I'm not fond of dialects when they don't serve a significant purpose.  
However, I believe it would be useful to at least discuss creating a special 
purpose "safe" mode for the Python lexer.  This mode would be attractive to 
newbies and financial programmers.  Calling this a new dialect is an 
overstatement.  It is more like defining a subset of the language that uses a 
special vocabulary for working with decimal types.

> > Another would be to use Unicode as the default character set.  This
> > would allow Unicode characters to be in strings without needing to
> > escape them.
> That's not a dialect, that's a different input encoding.  MAL already
> has a PEP for that.

I know about the PEP.  I was refering to making it the default string type 
for a '.dp' file.  There would be no prefix 'u' required.  

I'll remove this and the other unrelated items from the decimal type PEP

If you don't agree with the idea of adding dpython lexer mode then there is 
no point in discussing the features that would be in that mode.

> > The idea of adding a new language on top of the existing
> > infrastructure isn't that unusual. The gcc compiler can process many
> > languages to produce a common machine dependant object code.  I can
> > envision taking my simple changes a few steps further and turning
> > the entire tokenizer into a replaceable unit.  This approach would
> > allows projects to build other languages on top of the Python byte
> > code interpreter.  Imagine having Javascript, VBasic, or sh
> > tokenizer frontends generating Python bytecodes.  Think of it as the
> > pyNET architecture:-) This change probably belongs in Python4k.
> Or in Python .NET.  Decoupling the various part of the parse+compile
> pipeline is something I've considered.

Did you decide against it, or has it just not been a high enough priority?

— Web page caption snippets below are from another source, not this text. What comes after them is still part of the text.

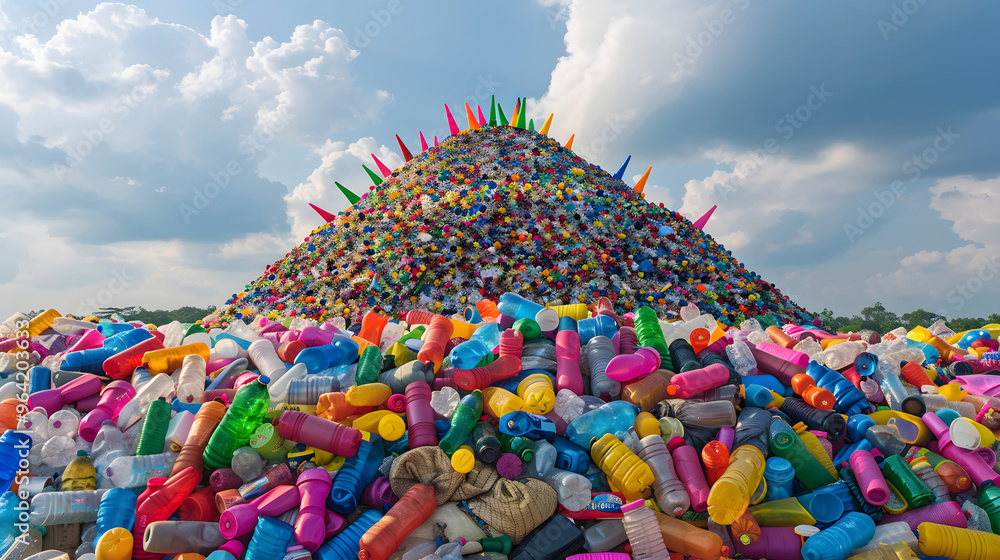 Poster an expansive scene depicting a titanic heap of plastic refuse and adorned with a multitude of bright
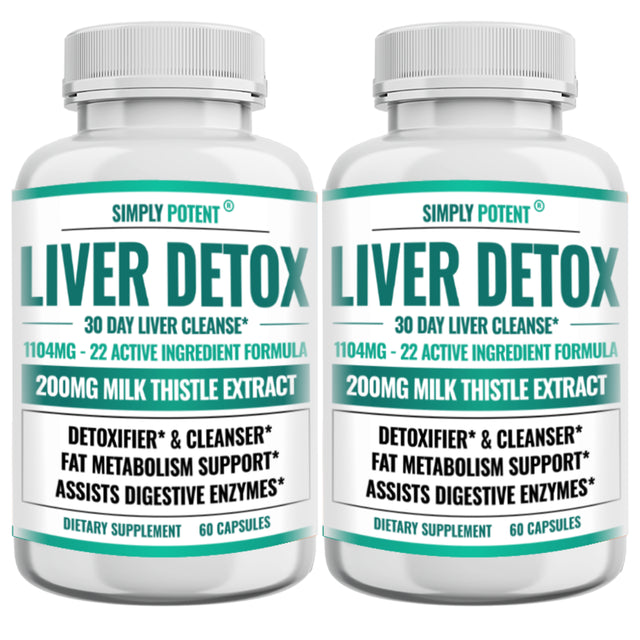 Liver Detox & Cleanse Supplement (Pack of 2), 22 Ingredient Liver Support with Milk Thistle, Dandelion, Turmeric, Ginger, Choline, Artichoke, Beet, Alfalfa, Zinc & 14 More, 60 Capsules Each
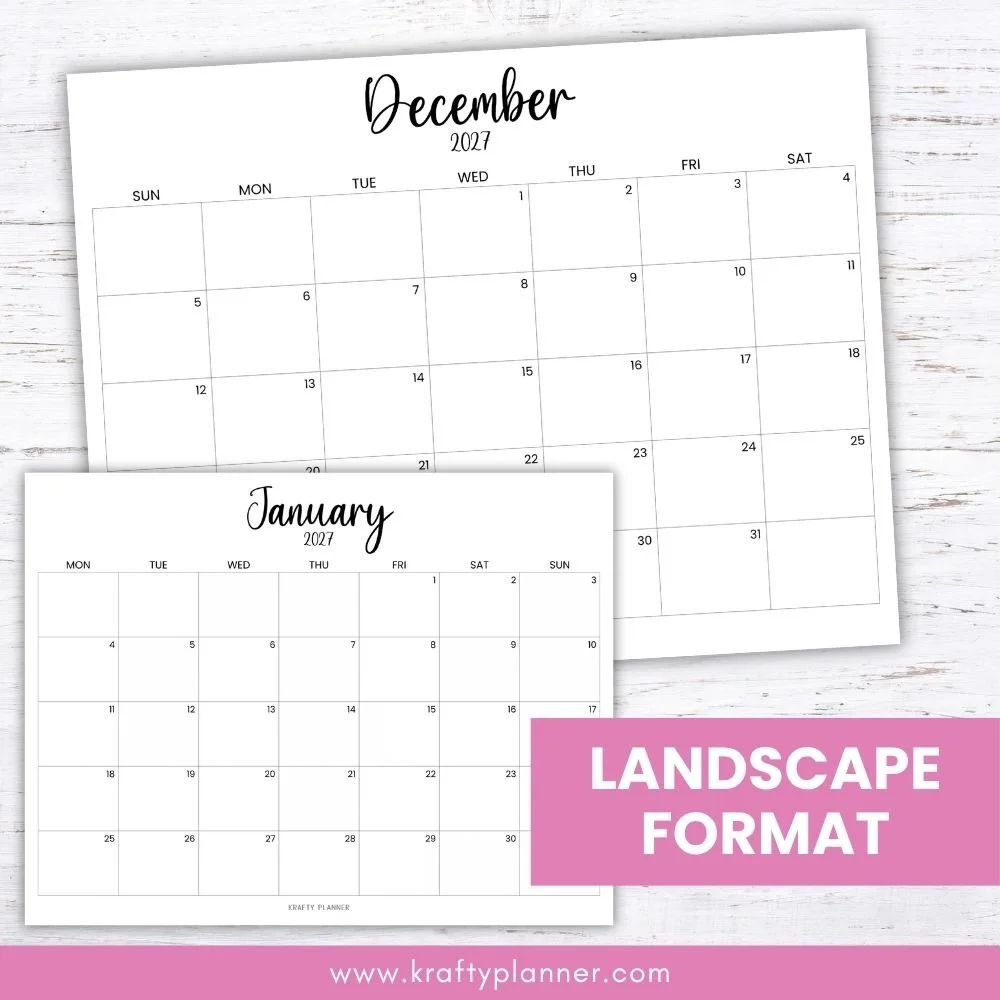 Free Printable 2027 Minimalist Calendar Landscape
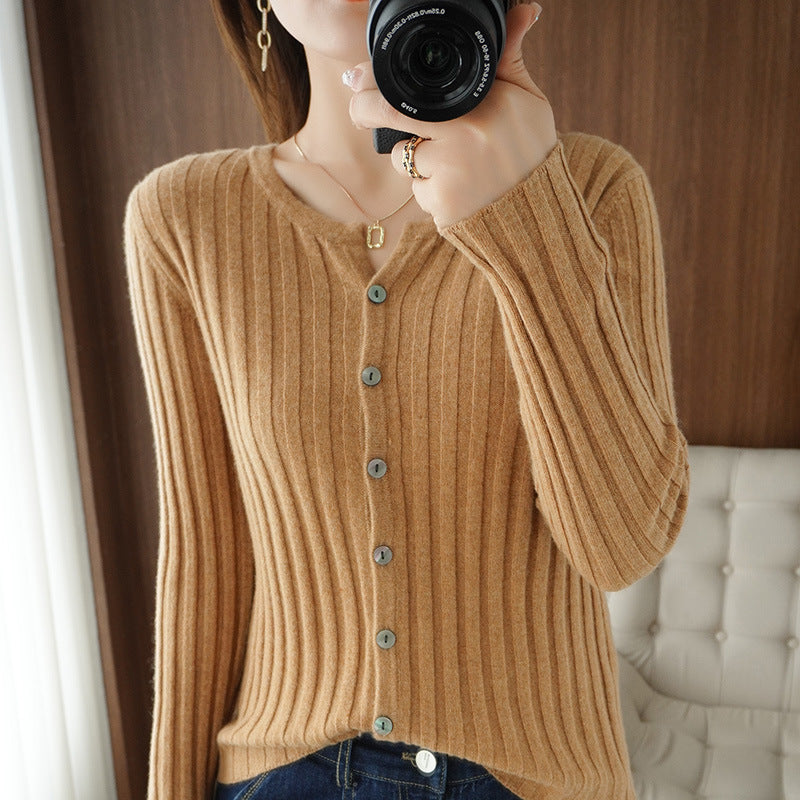 Women's Solid Color Wool Knitted Cardigan Sweater Coat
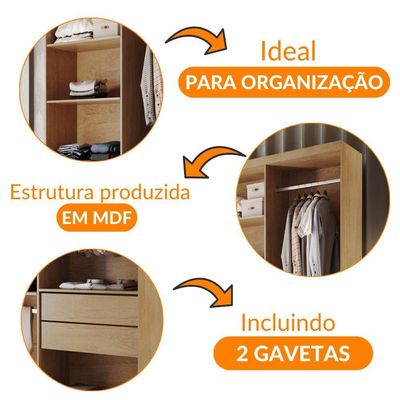 Closet Solteiro Hera 2 Gavetas 4 Prateleiras Mdf Rufato Imbuia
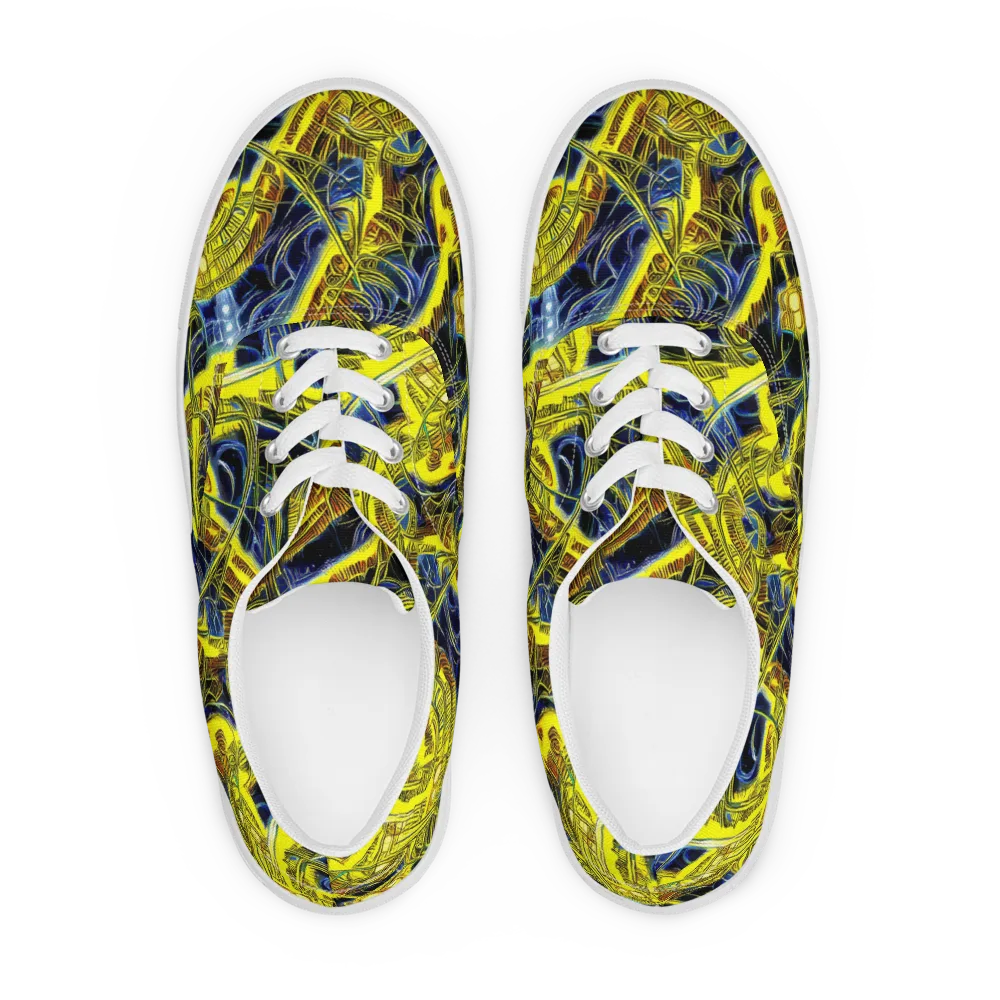 Solar Machine on Men's Lace-Up Canvas Shoes — Front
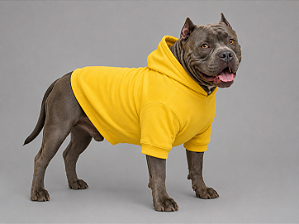 Moletom Pet Amarelo para Cães Médios e Grandes – 50% Poliéster 50 % Algodão Flanelado, Alta Durabilidade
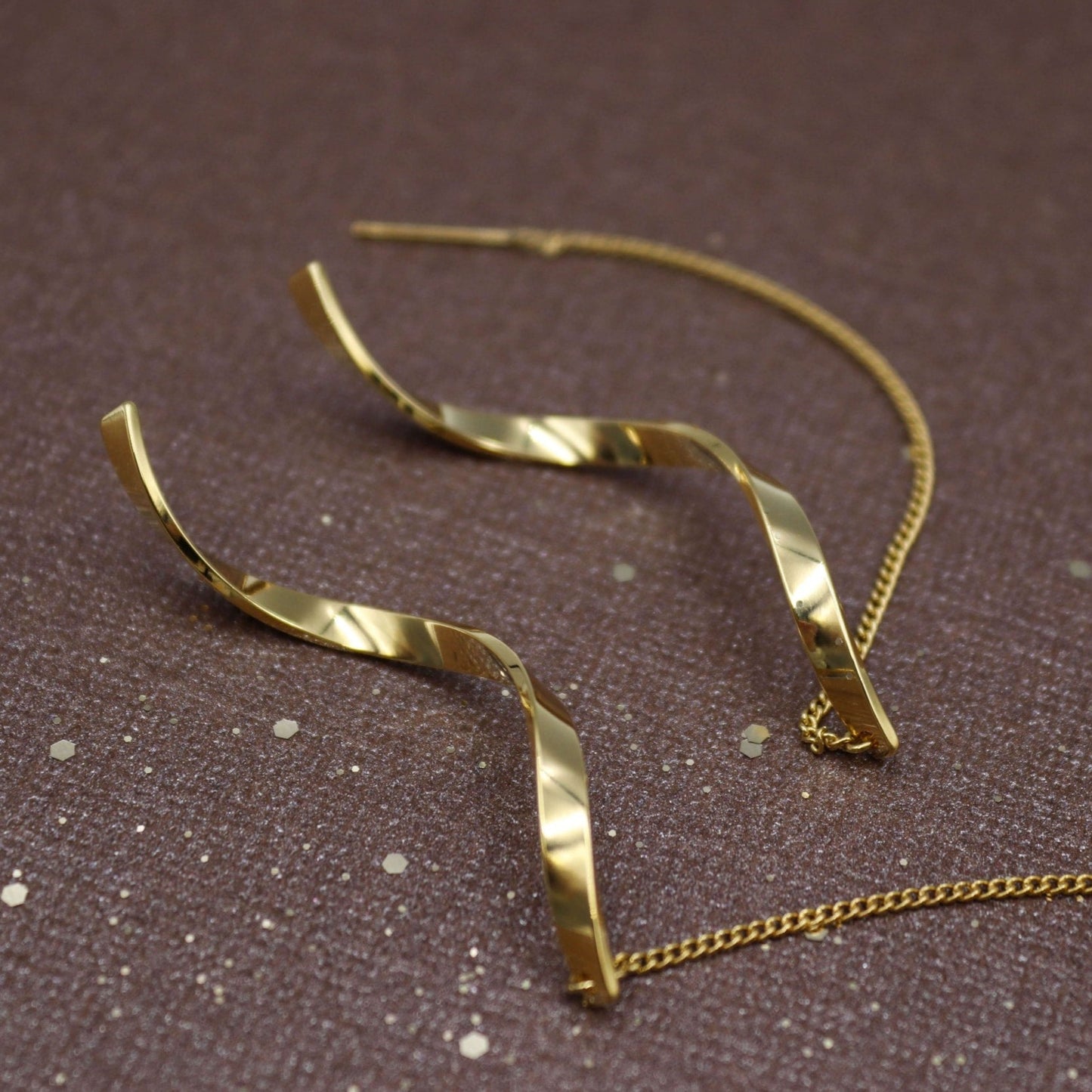 עגילי ספירלה זהב סווירל Princess K Jewelry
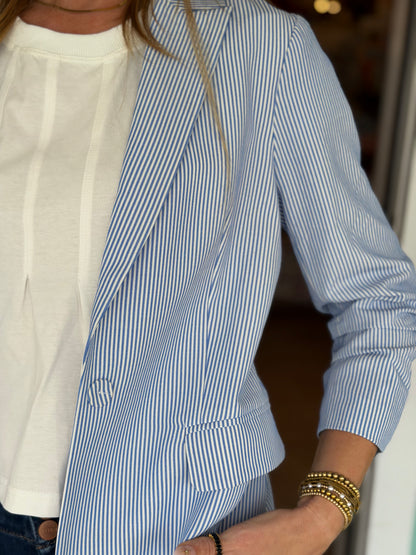 Blue Striped Cinched Sleeve Blazer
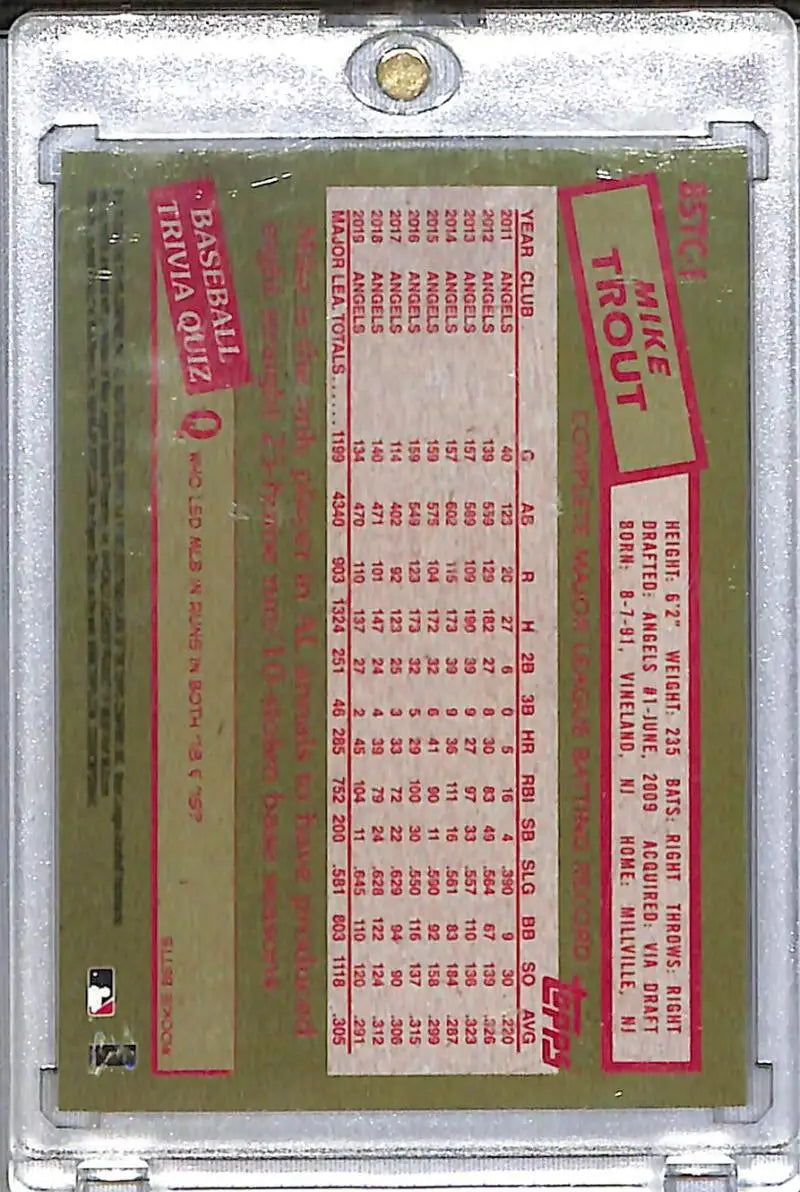 2020 Topps 35th Anniversary #85TC-1 Mike Trout NM-MT Los Angeles Angels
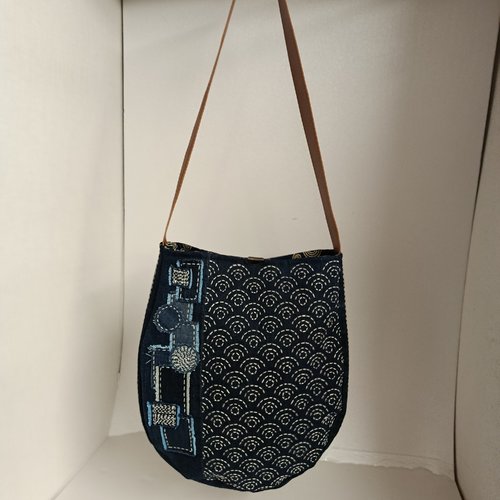 Sac jean recyclé "boro" "sashiko"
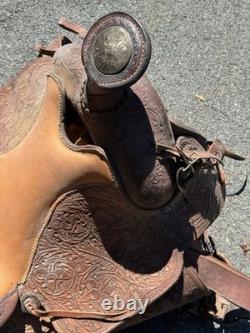 Billy Royal Vintage Show Saddle Simco Tex Tan Leather Western Hand Tool Brass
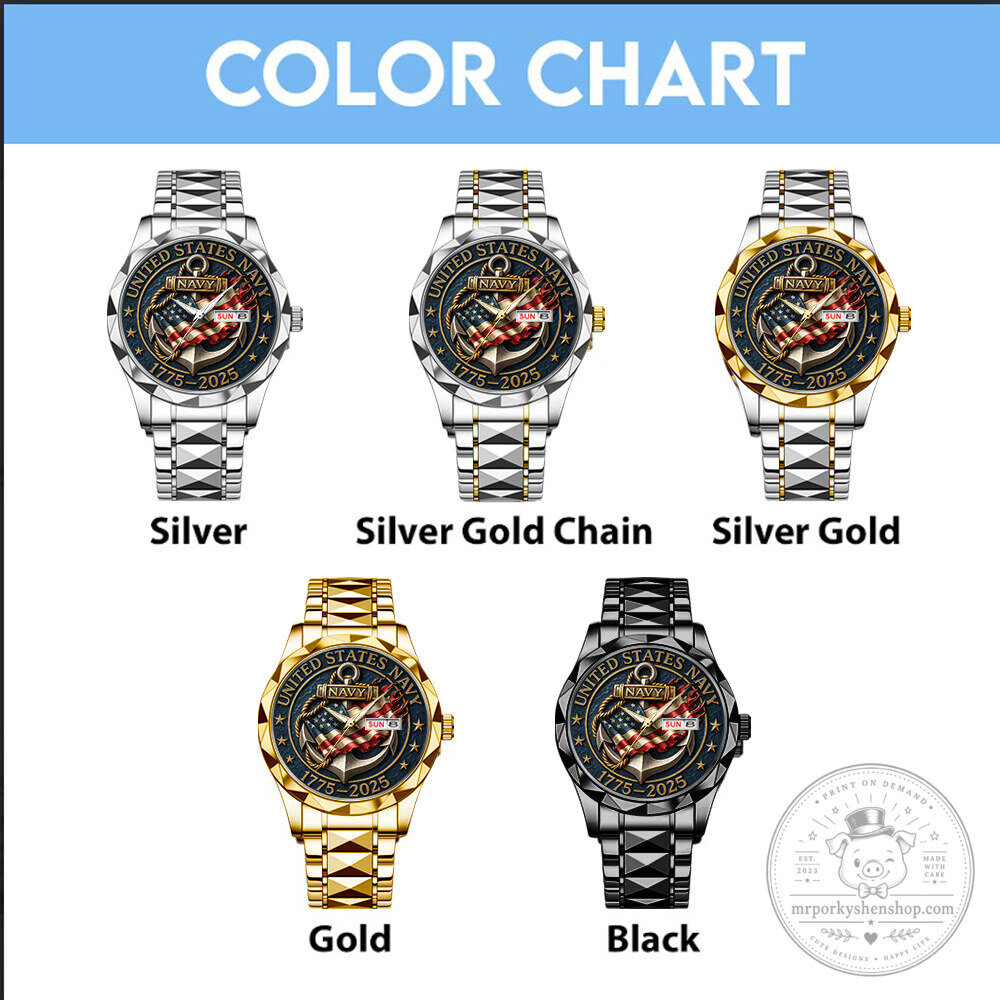 United States Navy Gold Tone Anchor Emblem Military Quartz Watch 10 United States Navy Gold Tone Anchor Emblem Military Quartz Watch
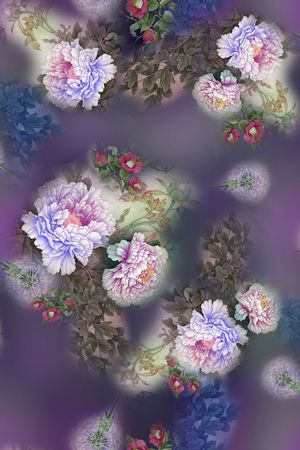 中国风牡丹花印花花型图片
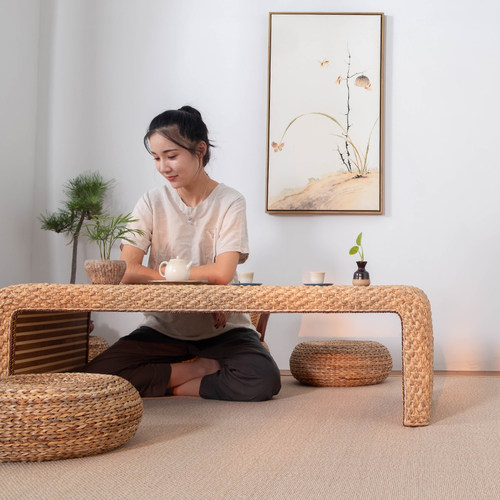 手工藤编草编榻榻米茶几r飘窗小桌子日式阳台炕桌茶桌禅意地台矮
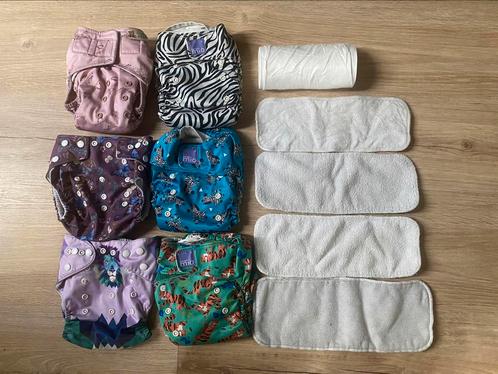 Wasbare luiers set 6 luiers + 4 boosters + 1 rol inlegvellen, Kinderen en Baby's, Overige Kinderen en Baby's, Gebruikt, Ophalen of Verzenden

> But again this has nothing to do with decimal numbers: your proposal
> allows the mixing of decimal and binary numbers (as long as one of
> them uses an explicit base indicator) so you don't really need two
> parsers -- you need one tokenizer plus a way to specify the default
> numeric base for literals.

That is exactly what I implemented.  The dpython command and the '.dp' cause 
the Py_USE_DECIMAL_AS_DEFAULT[1] flag to be set.  When this flag is set 
decimal numbers are used for literals.  

> I'll have to go back to your defense of the two dialect approach, but
> I think it's neither sufficient nor necessary.

I have mixed too many ideas into a PEP.  I'll rework the PEP to remove the 
cruft and focus on the addition of decimal numbers.  I move the other ideas 
into a separate PEP.

> Well, sometimes more generality than you need hurts.  I'm not
> convinced that we need an open-ended set of numeric literals.  But in
> the light of the unified numeric model, we may need ways to make
> exactness or inexactness explicit, and/or we may need a way to specify
> rational numbers.  If we can fit all of these in the
> number-with-letter-suffix mold, that would be nice for the lexer, I
> suppose.

I worry about a "unified numerical model" getting overly complex.  I think 
decimal numbers help because they are a better choice than binary numbers for 
a significant percentage of all software applications.  I know that rationale 
numbers are imporant in some applications.  Am I overlooking some huge class 
of applications that use rationales?  While Tim and some of the other 
Pythoneers can probably think of dozens of specialized numerical types, I 
would venture to guess that binary types and a decimal type probably cover 
90% of all the user's requirements. 

[1] I'll be renaming the flat to this in the next version.  The flag is 
currently called Py_NEW_PARSER.  I named it that because at one time I was 
creating a new parser.  I trimmed the changes down to just a few edits of the 
tokenizer and compile.c